Wednesday, May 03, 2006

A night of canapes and shoes

Last night, Eb and I went to one of these Nine West member functions.
It was this fashion show for shoes at the Tea House in QVB. They said it was going to be High Tea, they said it was going to be fashion, they said there were going to be canapes (pronounced ka-naps...we all know THAT story).

So what did we get?
Everyone got a rose. I said to the gay guy who was handing out the roses: "Oh, how sweet. You make me feel so special."
He laughed. How droll.

There was a string quartet, but there were only 3 people in it. What do you call that? A string trio? Doesn't really sound right. We think the fourth member cancelled at the last minute because the shoes are so horrid these days. I only go for the canapes, the conversation (remember the wedge debacle?) and the show bags.

I walk in and pick a seat in the front row, Eb arrives, we wait for the canapes. I ask as one walks past "Is that vegetarian?"
She says yes, but I keep pestering her-
What's that white thing?
Cheese.

What's that thing under the cheese?
The tray?

What's that thing on top?
Capsicum

No, what's that white thing?
Bread

Basically, there was this suspect item in between the cheese and the bread.
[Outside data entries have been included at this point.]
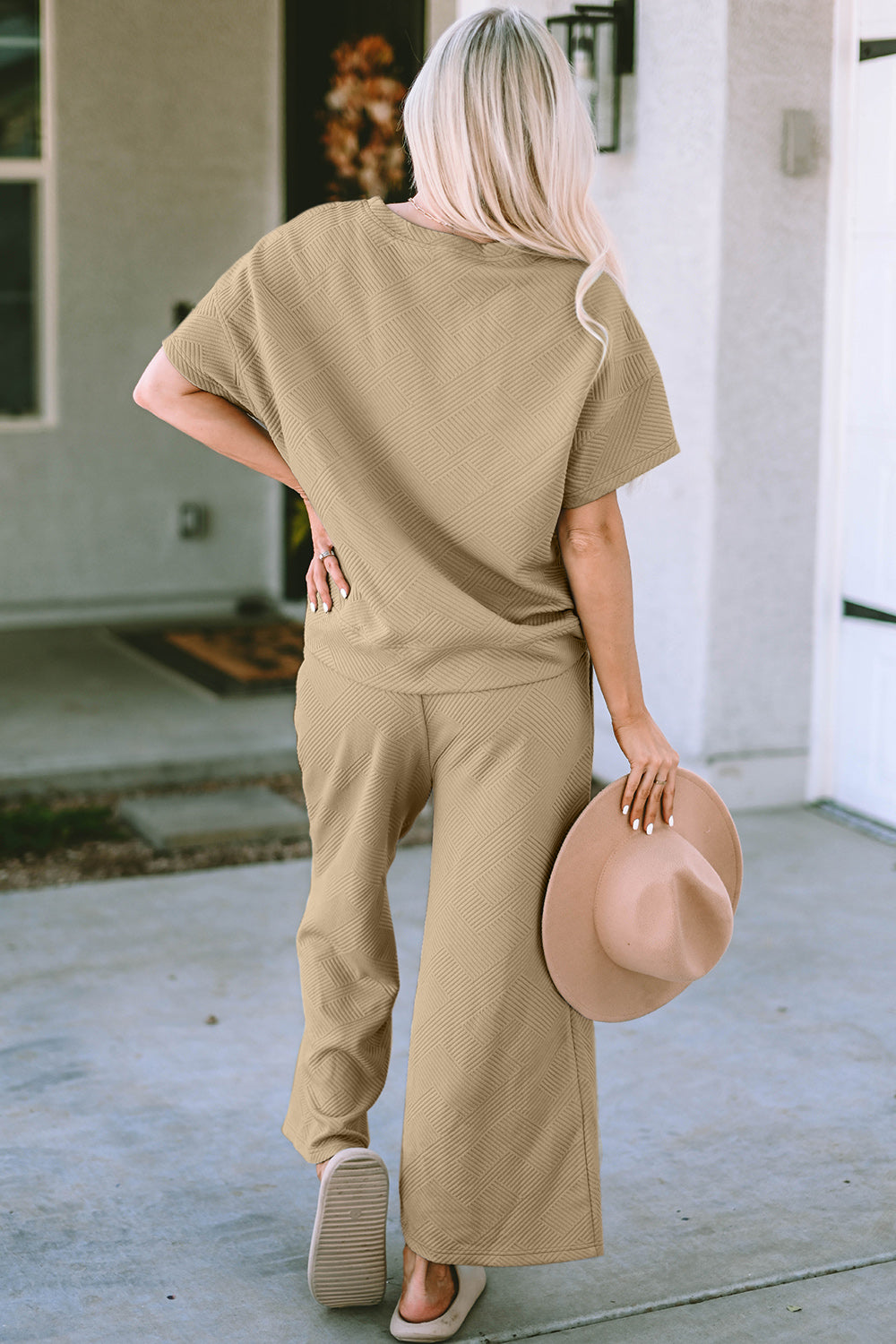 Daisy Texture Short Sleeve Top and Pants Set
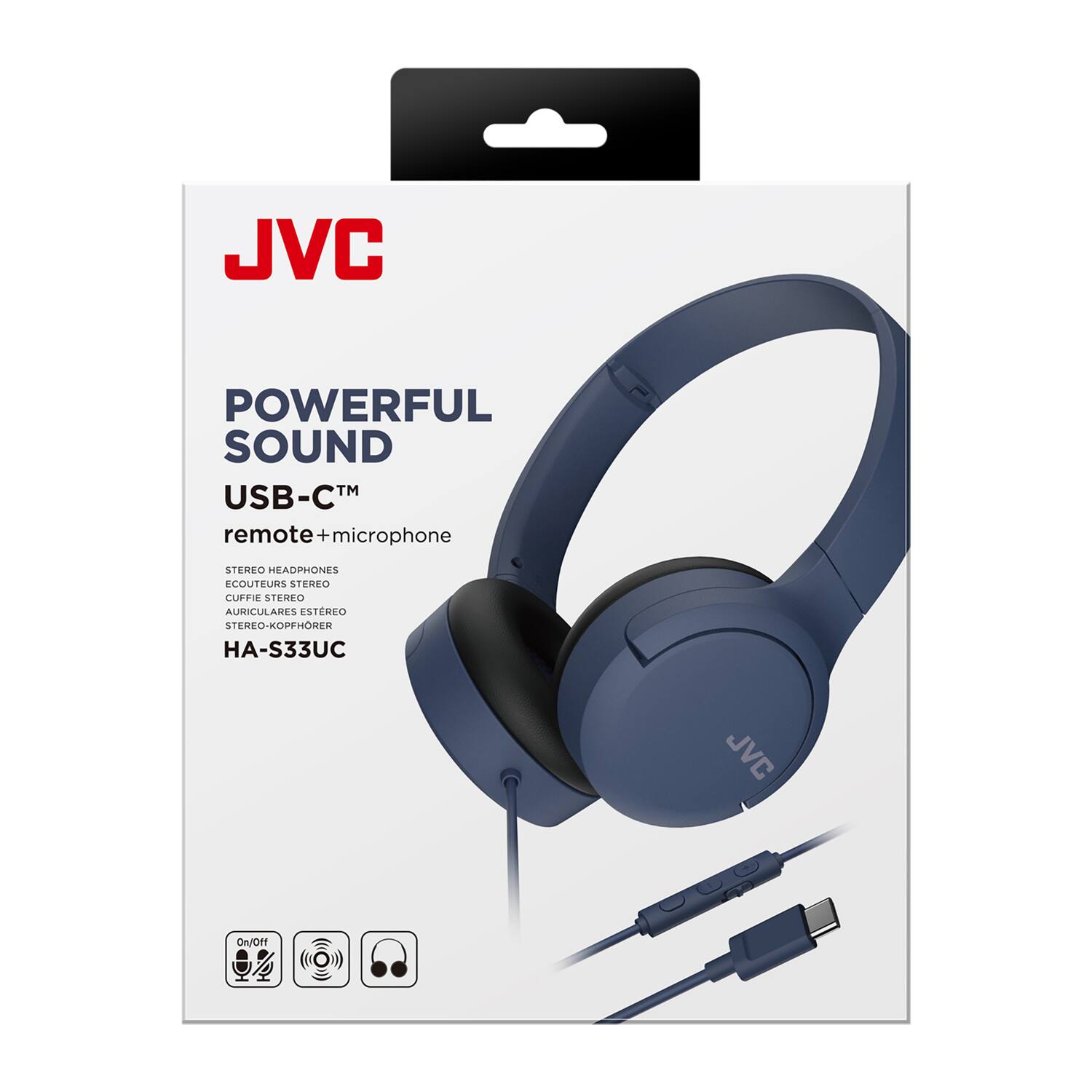 JVC

POWERFUL SOUND  
USB-C™  
remote + microphone  

STEREO HEADPHONES  
ECOUTEURS STEREO  
AURICULARES ESTEREO  
STEREO-KOPFHÖRER  
HA-S33UC  

On/Off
I still didn't trust it and Eb confirmed it was turkey. Lucky I am. Well lucky.

From that moment on, everyone who took the last canape was a bitch. A waitress who didn't come up to us was a bitch. If there was meat on or in it, that was just meat that I couldn't eat and there was some bitch involved.

The marketing director and the fashion director of Marie Claire make speeches. I hate it when people start talking so seriously about fashion. It's such a waste of breath. The F.D. of M.C. then announces:
"Girls, it's taking the look of fashion and combining it to make a 'wow' factor"

What? Are you for real?
Eb and I couldn't believe it. And I probably transcribe it incorrectly anyway. You get the point.
There were so many designer wannabes at this thing anyway, they probably lapped it up. They were telling the crowd it's ok to wear a dress and flats, it's ok to do this and that. Why do people want to hear this and then turn up in the same place in uniform? It's so strange.

As the show starts, we are in disbelief. The models aren't real models, turns out they're from the Nine West Sales department!! One has knobbly knees, one has this crazy chewing gum walk like she is trying to walk like a model. Another walks so fast that you can't see the shoes. It's like a blur of colour going past. Another clomped down the catwalk like one of those robots from War of the Worlds. But hey, I'm not judgemental!
We worked out from the program that all their names are listed. We heckled them a little, but I think it was all said too softly. If I was a guy I'm sure I could do it with no problems....maybe next time!

It was definitely worth the entertainment value. We got some awesome show bags with tonnes of shite in them. I hear way better than some fashion week showbags.

Nine West- thank you. It's not everyday I get so much material or even such a good time. It's a shame I didn't win one of the lucky door prizes, because I really would have strutted my way down the catwalk to get the prize from you.

I must also add, Eb and I are having a contest on who can write the better blog for this entry. You be the judge. And Eb get your freaking act together!

2 comments:

Hugh Jazz said...

There is only one of me. Do not fall victim to the gossip grapevine.

Adios.

Wisey said...

You make one fatal, fatal mistake David.

You haven't posted on TeaTime since you started posting on Dot Co Dot il.